Members of the Class of 1965 at a public high school in Hershey, Pennsylvania had such a good time at their 50th reunion that they extended it to Williamsburg the following year. Among them was my former colleague Ed Offley. We started out together at The Virginia Gazette, and he went on to a distinguished career as a military journalist with two major newspapers. So far he’s published four books, three of them bestsellers.
Sailing Young
Three couples continued their reunion weekend by sailing the York River. Foggy, flat seas gave way to building winds from the east. The first to take the wheel was Joyce Wroble, who used to sail Lake Superior on big boats. Her husband Noel had her tell a cute story.
“I was teaching sailing at a girls’ camp in Minnesota, and every day our 7-year-old son Brian would tag after me. Eventually he went off to a boys’ summer camp where they also had sailing. Back then, you could take a boat out for a spin after dinner. He announced to the staff that he wanted to do that. He went down and set up an X class dinghy and took it out by himself. He sailed around and brought it back into the little cove, where he promptly turned upwind to set the mooring. Brian was just 7. The staff was amazed.”
To put that in laymen terms, he powered a 16-foot dinghy by sail (no engine) and figured out how to use the wind to sail in a perfect direction home and then turn nearly 180 degrees to reach a spot the size of a basketball without crashing. Then he tied the boat to the mooring. Brian learned from watching his mom teach girls how to sail a boat to the dock.
Youth Memories
I’ve had all manners of “event” cruises in the form of anniversaries, birthdays, marriage proposals, burials at sea, and two marriages. But this was my first high school reunion, and it was endearing.

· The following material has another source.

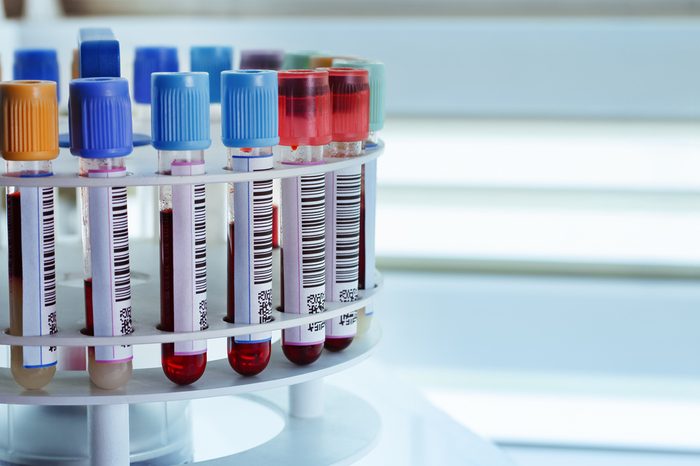 tubes prepared in lab centrifuge machine blood bank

Ed’s wife Karen T. Conrad said, “Fifty years sounds like a lot, but many of us grew up together and were in school with each other since first grade.” They talked about other classmates and their favorite teachers and the eccentric ones like it was yesterday. Noel recalled how the sports coaching staff would meet every morning and break up at a certain time to go observe a blonde cheerleader walk by their office. “That’s it?” Joyce asked, “Just see her walk by?”
Tom Stover recalled growing up. “I used to deliver a free paper, and I was loaded down on my bike with two huge canvas bags on my shoulders. I would toss the papers on lawns as I rode along. Some woman would stop me and demand that I put the paper on her porch. ‘Lady, this is a free paper!’” His wife Deborah kidded him, “Poor baby,” but he responded, “Hey, I was doing this after sports and sometimes it was pitch dark.” He later delivered Hershey’s Sunday paper. The days of boys delivering papers ended around 1970.
Noel was a baseball trainer for decades, and he recalled a childhood memory. “A bunch of us kids went on a bus to New York City to see the Yankees play. This was in 1961 when Mickey Mantle and Roger Maris were chasing the home run record. I saw Mantle and Maris hit back-to-back homers. I’ll never forget it.”
Revolutionary Times
We covered the events of the American Revolution at Yorktown when Joyce told me, “I was doing the family genealogy search and I found a great-great grandfather who was a drummer boy in the war. Can you imagine?”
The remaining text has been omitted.